[What you need to do]
An exact reproduction of all the entries below is required.

Records for the task Start Marker

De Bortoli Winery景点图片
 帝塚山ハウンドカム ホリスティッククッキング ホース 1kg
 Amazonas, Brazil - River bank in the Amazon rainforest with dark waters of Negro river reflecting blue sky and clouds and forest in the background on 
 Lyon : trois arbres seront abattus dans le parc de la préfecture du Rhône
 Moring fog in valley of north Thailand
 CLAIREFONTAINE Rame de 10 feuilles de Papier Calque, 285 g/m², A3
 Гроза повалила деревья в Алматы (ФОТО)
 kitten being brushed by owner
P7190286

Records for the task End Marker

[Result of this task]
De Bortoli Winery景点图片
 帝塚山ハウンドカム ホリスティッククッキング ホース 1kg
 Amazonas, Brazil - River bank in the Amazon rainforest with dark waters of Negro river reflecting blue sky and clouds and forest in the background on 
 Lyon : trois arbres seront abattus dans le parc de la préfecture du Rhône
 Moring fog in valley of north Thailand
 CLAIREFONTAINE Rame de 10 feuilles de Papier Calque, 285 g/m², A3
 Гроза повалила деревья в Алматы (ФОТО)
 kitten being brushed by owner
P7190286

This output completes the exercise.